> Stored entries
►
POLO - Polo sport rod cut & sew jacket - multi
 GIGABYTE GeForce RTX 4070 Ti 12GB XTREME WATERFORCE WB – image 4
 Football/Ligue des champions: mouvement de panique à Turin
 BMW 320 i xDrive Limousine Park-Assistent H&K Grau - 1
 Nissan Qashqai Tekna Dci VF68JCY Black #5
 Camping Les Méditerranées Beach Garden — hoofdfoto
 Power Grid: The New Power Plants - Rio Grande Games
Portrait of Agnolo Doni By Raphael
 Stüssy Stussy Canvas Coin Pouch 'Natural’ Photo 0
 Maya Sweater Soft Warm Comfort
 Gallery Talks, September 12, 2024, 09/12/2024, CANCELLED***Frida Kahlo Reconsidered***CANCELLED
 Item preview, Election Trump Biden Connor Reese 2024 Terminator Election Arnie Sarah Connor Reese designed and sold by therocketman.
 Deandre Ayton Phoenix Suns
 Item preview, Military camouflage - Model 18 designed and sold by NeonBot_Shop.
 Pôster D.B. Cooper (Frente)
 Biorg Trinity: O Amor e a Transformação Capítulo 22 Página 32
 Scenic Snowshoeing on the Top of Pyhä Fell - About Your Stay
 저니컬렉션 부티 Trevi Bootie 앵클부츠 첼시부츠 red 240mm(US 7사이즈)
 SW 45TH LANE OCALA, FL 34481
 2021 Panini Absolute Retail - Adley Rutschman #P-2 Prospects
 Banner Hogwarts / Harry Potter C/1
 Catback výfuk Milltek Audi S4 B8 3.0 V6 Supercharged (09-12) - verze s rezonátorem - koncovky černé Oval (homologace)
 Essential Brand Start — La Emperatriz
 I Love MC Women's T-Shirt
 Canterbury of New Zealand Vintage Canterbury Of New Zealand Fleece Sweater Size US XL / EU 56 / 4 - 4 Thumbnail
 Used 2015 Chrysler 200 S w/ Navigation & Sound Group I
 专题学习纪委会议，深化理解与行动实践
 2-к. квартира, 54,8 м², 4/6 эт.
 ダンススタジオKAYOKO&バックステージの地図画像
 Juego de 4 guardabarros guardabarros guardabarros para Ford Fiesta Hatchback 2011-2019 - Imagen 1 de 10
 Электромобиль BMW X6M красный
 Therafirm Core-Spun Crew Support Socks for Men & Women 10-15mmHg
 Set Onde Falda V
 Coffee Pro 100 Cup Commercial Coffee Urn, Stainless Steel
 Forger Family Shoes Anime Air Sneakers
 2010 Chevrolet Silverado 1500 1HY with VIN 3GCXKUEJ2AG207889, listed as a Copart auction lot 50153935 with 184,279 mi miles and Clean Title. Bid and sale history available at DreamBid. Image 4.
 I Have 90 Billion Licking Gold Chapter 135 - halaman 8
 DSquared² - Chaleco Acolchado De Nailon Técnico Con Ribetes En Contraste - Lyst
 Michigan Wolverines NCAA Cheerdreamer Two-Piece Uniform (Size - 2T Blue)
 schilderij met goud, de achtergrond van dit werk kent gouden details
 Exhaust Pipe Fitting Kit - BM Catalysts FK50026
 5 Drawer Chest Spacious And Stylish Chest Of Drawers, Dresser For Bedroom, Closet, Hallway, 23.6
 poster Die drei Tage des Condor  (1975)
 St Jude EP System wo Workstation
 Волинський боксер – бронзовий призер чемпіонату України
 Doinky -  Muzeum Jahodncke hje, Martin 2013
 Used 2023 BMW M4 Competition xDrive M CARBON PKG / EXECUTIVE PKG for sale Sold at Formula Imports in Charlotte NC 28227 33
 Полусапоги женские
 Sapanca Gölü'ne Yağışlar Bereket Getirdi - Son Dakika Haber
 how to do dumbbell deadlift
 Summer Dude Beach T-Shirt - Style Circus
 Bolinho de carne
◄
> TASK
Above are the records; copy exactly the lines from the line with "Item preview, Election" through the line with "SW 45TH LANE OCALA, FL 34481", both included.

> SOLUTION FOR THIS PROBLEM
 Item preview, Election Trump Biden Connor Reese 2024 Terminator Election Arnie Sarah Connor Reese designed and sold by therocketman.
 Deandre Ayton Phoenix Suns
 Item preview, Military camouflage - Model 18 designed and sold by NeonBot_Shop.
 Pôster D.B. Cooper (Frente)
 Biorg Trinity: O Amor e a Transformação Capítulo 22 Página 32
 Scenic Snowshoeing on the Top of Pyhä Fell - About Your Stay
 저니컬렉션 부티 Trevi Bootie 앵클부츠 첼시부츠 red 240mm(US 7사이즈)
 SW 45TH LANE OCALA, FL 34481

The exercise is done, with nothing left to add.